Saved entries
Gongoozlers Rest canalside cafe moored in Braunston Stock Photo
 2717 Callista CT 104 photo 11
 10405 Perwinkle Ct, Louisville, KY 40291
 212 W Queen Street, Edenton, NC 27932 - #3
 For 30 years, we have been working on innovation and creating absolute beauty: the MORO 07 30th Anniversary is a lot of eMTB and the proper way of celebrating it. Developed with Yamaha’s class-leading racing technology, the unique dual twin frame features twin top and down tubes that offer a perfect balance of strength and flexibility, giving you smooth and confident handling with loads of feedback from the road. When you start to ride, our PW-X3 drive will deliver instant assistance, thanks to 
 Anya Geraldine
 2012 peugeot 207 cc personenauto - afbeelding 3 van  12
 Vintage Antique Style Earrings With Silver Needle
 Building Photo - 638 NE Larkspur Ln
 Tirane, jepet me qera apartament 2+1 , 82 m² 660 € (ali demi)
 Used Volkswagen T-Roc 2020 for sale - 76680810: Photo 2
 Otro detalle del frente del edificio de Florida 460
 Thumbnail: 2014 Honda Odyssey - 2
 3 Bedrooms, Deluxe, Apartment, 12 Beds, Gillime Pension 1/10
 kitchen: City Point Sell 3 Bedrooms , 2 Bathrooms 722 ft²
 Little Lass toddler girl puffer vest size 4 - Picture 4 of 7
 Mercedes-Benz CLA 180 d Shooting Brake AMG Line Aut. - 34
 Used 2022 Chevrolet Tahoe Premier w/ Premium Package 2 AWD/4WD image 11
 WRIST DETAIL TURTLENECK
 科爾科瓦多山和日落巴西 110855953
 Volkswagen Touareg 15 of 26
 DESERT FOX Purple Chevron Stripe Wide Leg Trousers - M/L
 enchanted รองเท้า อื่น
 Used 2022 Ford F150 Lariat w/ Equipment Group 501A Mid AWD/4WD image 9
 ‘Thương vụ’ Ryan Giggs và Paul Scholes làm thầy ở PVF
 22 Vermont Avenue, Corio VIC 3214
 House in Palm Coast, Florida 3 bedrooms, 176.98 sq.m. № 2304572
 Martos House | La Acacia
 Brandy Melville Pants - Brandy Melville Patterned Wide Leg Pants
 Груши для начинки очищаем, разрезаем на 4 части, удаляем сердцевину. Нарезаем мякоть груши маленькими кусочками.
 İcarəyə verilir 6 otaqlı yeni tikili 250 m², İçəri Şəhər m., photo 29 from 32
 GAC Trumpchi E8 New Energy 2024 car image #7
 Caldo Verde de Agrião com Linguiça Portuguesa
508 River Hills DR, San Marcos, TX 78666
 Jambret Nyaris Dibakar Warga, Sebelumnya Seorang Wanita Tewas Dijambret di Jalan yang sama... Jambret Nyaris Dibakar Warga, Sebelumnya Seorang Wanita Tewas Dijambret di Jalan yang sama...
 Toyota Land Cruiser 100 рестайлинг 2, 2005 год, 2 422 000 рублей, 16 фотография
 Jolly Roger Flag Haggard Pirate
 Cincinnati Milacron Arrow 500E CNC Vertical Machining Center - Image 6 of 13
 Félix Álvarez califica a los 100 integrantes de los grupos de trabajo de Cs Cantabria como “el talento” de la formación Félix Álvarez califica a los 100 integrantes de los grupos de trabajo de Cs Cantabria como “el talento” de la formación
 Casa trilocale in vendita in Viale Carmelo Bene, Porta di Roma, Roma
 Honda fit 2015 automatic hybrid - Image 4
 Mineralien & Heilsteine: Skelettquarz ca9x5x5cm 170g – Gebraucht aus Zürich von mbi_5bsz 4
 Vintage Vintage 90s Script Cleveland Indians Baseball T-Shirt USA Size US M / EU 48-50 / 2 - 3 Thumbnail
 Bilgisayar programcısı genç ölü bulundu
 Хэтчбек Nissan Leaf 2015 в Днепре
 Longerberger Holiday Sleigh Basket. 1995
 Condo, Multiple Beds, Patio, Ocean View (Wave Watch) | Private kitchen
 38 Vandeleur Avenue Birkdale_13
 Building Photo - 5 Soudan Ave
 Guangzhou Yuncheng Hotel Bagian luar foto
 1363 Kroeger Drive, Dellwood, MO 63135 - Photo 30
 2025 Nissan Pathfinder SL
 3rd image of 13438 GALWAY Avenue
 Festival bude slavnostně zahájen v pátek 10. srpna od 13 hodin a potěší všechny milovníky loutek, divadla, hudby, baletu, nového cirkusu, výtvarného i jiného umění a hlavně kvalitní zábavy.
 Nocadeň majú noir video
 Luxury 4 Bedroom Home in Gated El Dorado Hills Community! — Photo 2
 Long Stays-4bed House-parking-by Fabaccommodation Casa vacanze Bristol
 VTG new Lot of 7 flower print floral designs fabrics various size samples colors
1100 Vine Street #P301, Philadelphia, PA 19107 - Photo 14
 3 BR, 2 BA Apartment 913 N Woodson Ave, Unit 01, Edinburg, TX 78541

## [Your instructions]
Look back at the entries above and repeat, unchanged, every line from the line holding "Toyota Land Cruiser" through the line holding "la formación Félix".

## [Written response]
 Toyota Land Cruiser 100 рестайлинг 2, 2005 год, 2 422 000 рублей, 16 фотография
 Jolly Roger Flag Haggard Pirate
 Cincinnati Milacron Arrow 500E CNC Vertical Machining Center - Image 6 of 13
 Félix Álvarez califica a los 100 integrantes de los grupos de trabajo de Cs Cantabria como “el talento” de la formación Félix Álvarez califica a los 100 integrantes de los grupos de trabajo de Cs Cantabria como “el talento” de la formación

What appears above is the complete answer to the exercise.